Flipboard, PostPost… Après les agrégateurs, voici les “social-magazines”
De nouveaux interfaces permettent de sélectionner des contenus en se basant sur le principe de la recommandation sociale.
La proximité, la personnalisation de l’info : deux graals des médias qui obsèdent les éditeurs depuis longtemps. Avant, on parlait de cible : mieux cibler pour mieux adapter ses contenus aux lecteurs. Puis Internet est arrivé et on s’est mis à parler d’algorithme, de flux RSS et, plus récemment, de social graph. Quelles sont ces étapes et où en est-on aujourd’hui ?
1- Il y a eu le mythe de la configuration : je peux configurer mon média pour ne recevoir que les informations sur les sujets qui m’intéressent. Idéal sur le papier, plus compliqué online. Parce que 1) les internautes n’aiment pas perdre du temps à configurer 2) ils aiment aussi être surpris.

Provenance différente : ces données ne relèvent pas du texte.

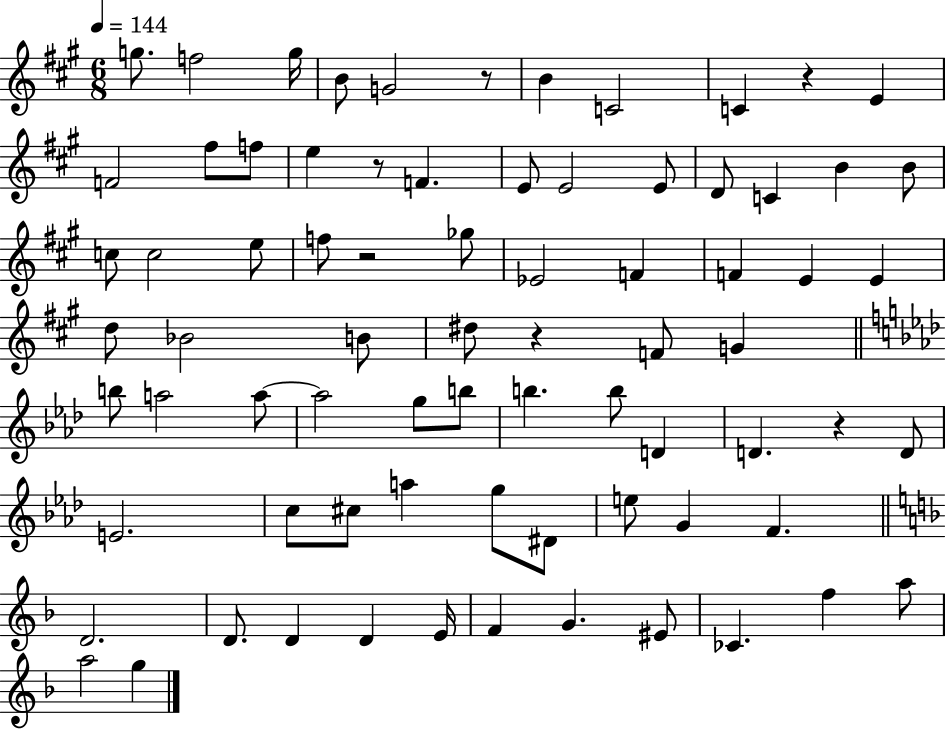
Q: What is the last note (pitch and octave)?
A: G5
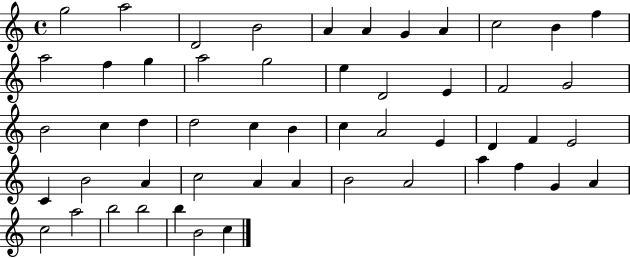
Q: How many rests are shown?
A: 0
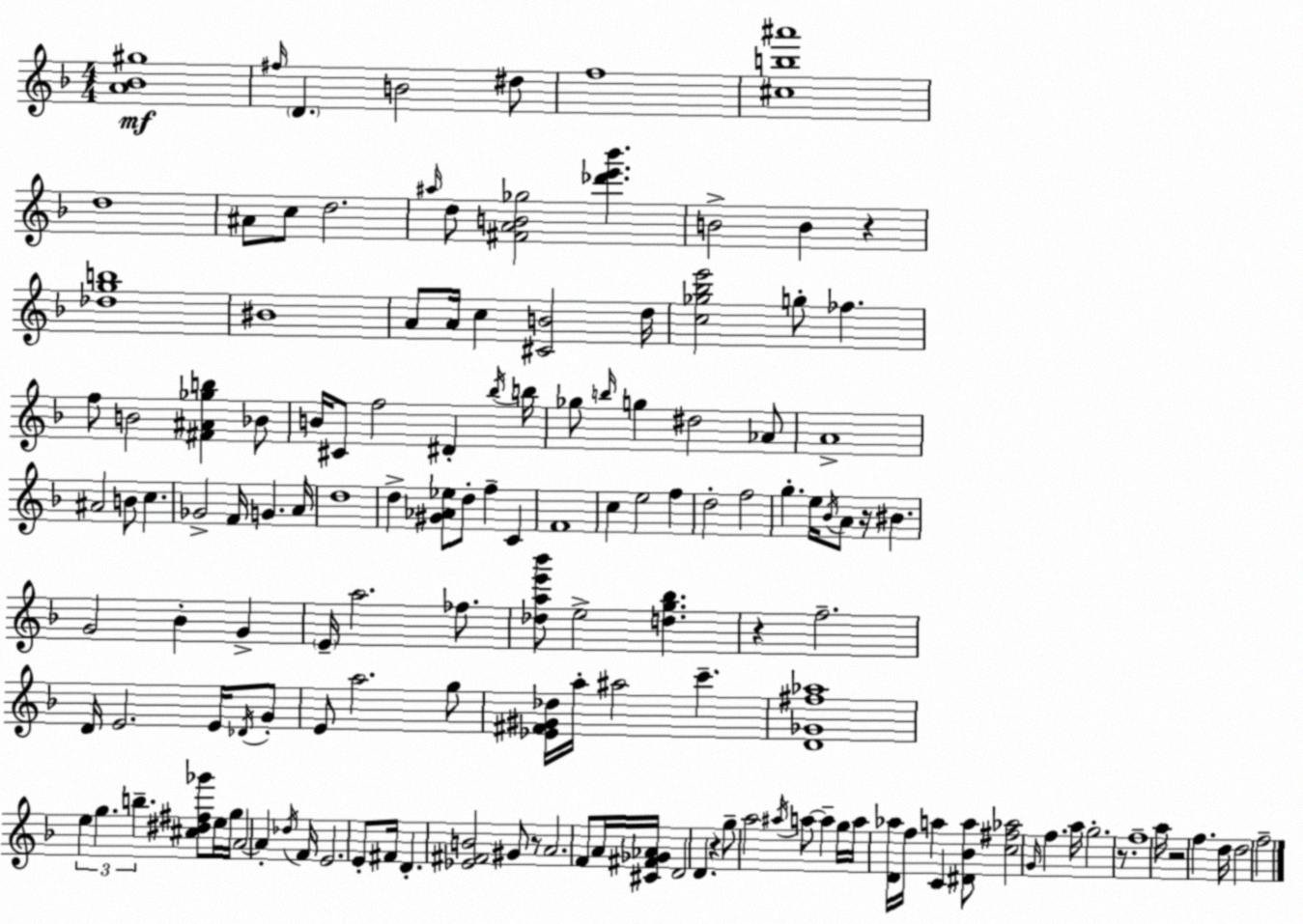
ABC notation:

X:1
T:Untitled
M:4/4
L:1/4
K:F
[A_B^g]4 ^f/4 D B2 ^d/2 f4 [^cb^a']4 d4 ^A/2 c/2 d2 ^a/4 d/2 [^FAB_g]2 [_d'e'_b'] B2 B z [_dgb]4 ^B4 A/2 A/4 c [^CB]2 d/4 [c_g_be']2 g/2 _f f/2 B2 [^F^A_gb] _B/2 B/4 ^C/2 f2 ^D _b/4 b/4 _g/2 b/4 g ^d2 _A/2 A4 ^A2 B/2 c _G2 F/4 G A/4 d4 d [^G_A_e]/2 d/2 f C F4 c e2 f d2 f2 g e/4 _B/4 A/2 z/4 ^B G2 _B G E/4 a2 _f/2 [_dae'_b']/2 e2 [dg_b] z f2 D/4 E2 E/4 _D/4 G/2 E/2 a2 g/2 [_E^F^G_d]/4 a/4 ^a2 c' [D_G^f_a]4 e g b [^c^d^f_g']/2 e/4 g/4 A2 A _d/4 F/4 E2 E/2 ^F/4 D [_E^FB]2 ^G/2 z/2 A2 F/2 A/4 [^C^F_G_A]/4 D2 D z g/2 a2 ^a/4 a/2 a g/4 a/4 [D_a]/4 f/4 a C [^D_Ba]/2 [c^f_a]2 G/4 f a/4 g2 z/2 f4 a/4 z2 f d/4 d2 f2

2- Il y a eu l’invasion des agrégateurs : si je ne peux pas personnaliser, je peux par contre aider l’utilisateur qui ne se retrouve plus dans un seul média mais à travers une multitude de contenus éparpillés sur la toile. Google News est arrivé avec ses contenus sélectionnés par algorithmes. Ce n’était pas un média personnel, mais il s’affranchissait des frontières des marques pour proposer une agrégation basée sur la pertinence et la popularité octroyées par les foules. Le filtre des foules a ses vertus : ce qui intéresse la majorité est susceptible de me toucher. Dans le même esprit, Digg.com, puis Wikio, ont creusé ce filon du média personnalisé par la communauté : les utilisateurs pouvaient voter pour hiérarchiser les contenus.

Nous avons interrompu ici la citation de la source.